Early signs show funds classified as Article 9 under the Sustainable Finance Disclosure Regulation (SFDR) are seeing stronger demand than less ESG-orientated strategies, however, with many funds not meeting the ESG criteria they promote, is the regulation simply encouraging widespread greenwashing?
Effective March 2021, SFDR requires funds to disclose sustainability risks within the investment process as part of the European Union’s push to align assets with the Paris Climate Agreement.
As part of the wide-ranging directive, asset managers must select whether funds – including ETFs – are Article 6 (non-ESG),‘light green’ Article 8(promotes sustainable characteristics) or ‘dark green’ Article 9 (looks to reduce carbon emissions).
As asset owners such as pension funds look to align with tightening ESG regulations, demand for Article 9 funds has outstripped strategies classified as Article 6 or 8 despite the current market environment not favouring ESG outperformance.
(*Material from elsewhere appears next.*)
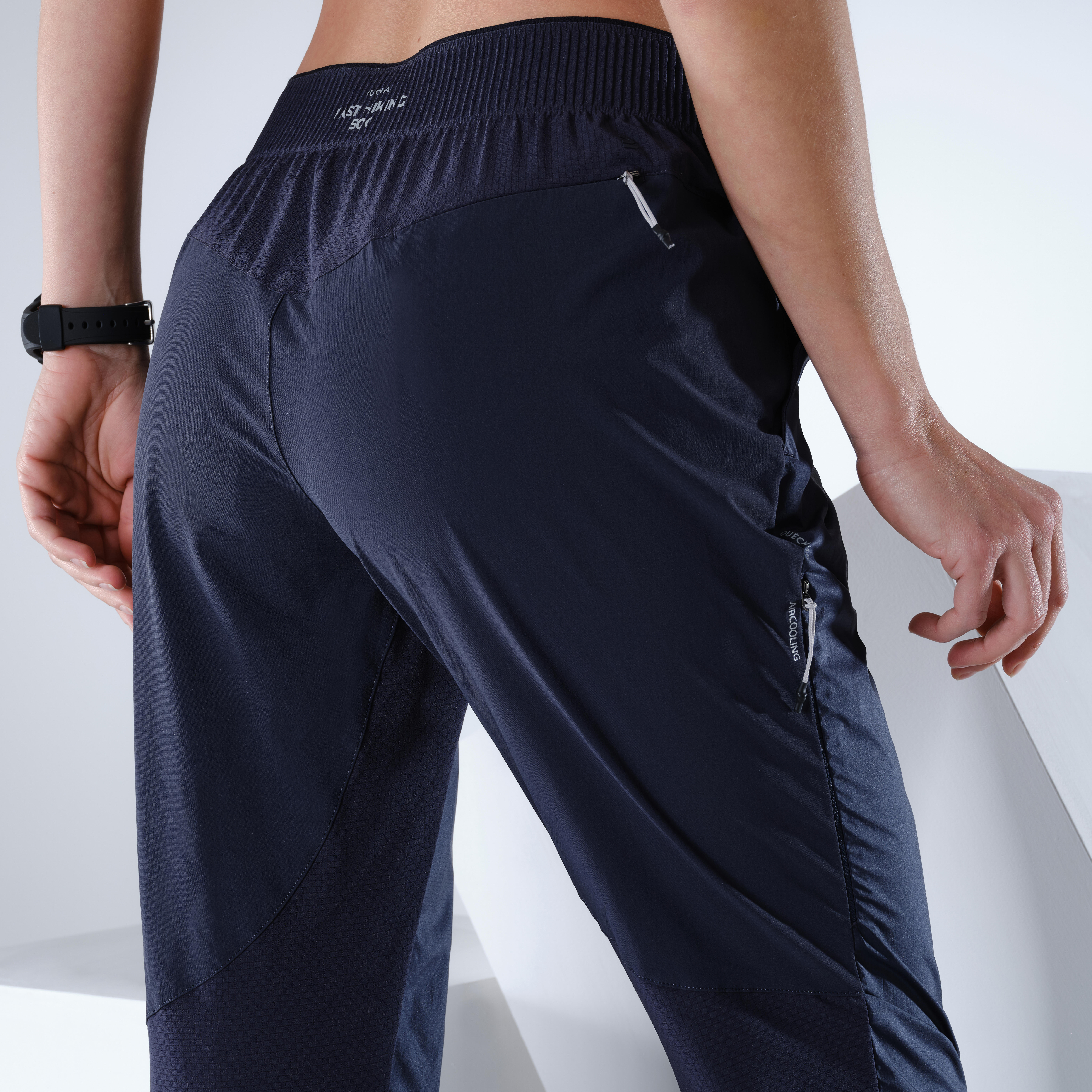 Pantalon léger femme cheap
According to data from Morningstar, Article 9 funds saw €5.9bn inflows in Q2 versus €30.3bn outflows for Article 8 strategies and a combined €40.7bn net redemptions in May and June alone for Article 6 products.
This shows the ‘greener’ the article a fund is labelled under SFDR, the more likely the strategy is to attract assets.
While this would seem obvious given the huge demand for ESG that exists across Europe, there is a risk asset managers use SFDR as a marketing tool to attract greater assets.
In an ongoing migration process, Morningstar’s ESG analyst Boya Wang revealed to Bloombergas many as 23% of funds labelled Article 8 do not meet its criteria as ESG funds.
“Many Article 8 funds will not be tagged as sustainable funds under our framework,” Wang added.
Currently, asset managers – including ETF issuers – are scrambling to ensure their ranges have as many Article 8 or 9 funds as possible through changes in investment strategy or tracking new indices.
In Q2 alone, some 696 funds upgraded their SFDR status and just 16 were downgraded from Article 9 to Article 8, according to Morningstar, while there were no funds that reclassified to Article 6.
The direction of travel is clear. Asset managers recognise how useful SFDR is for investors to justify their ESG allocation to clients. According to a recent investor survey by Brown Brothers Harriman, some 28% of European respondents rely on SFDR article classifications when selecting ESG ETFs.
Attention now turns to ‘level 2’ implementation of SFDR which comes into effect in January 2023 and requires asset managers to report on 18 mandatory principle adverse impacts statements (PAIS).
This could lead to an increased number of downgrades as asset managers struggle to justify the ESG credentials of Article 8 funds, in particular. However, with many of the required points for 'level 2' unable to be submitted due to a lack of data, it could lead to further confusion for investors and increase the opportunity for greenwashing.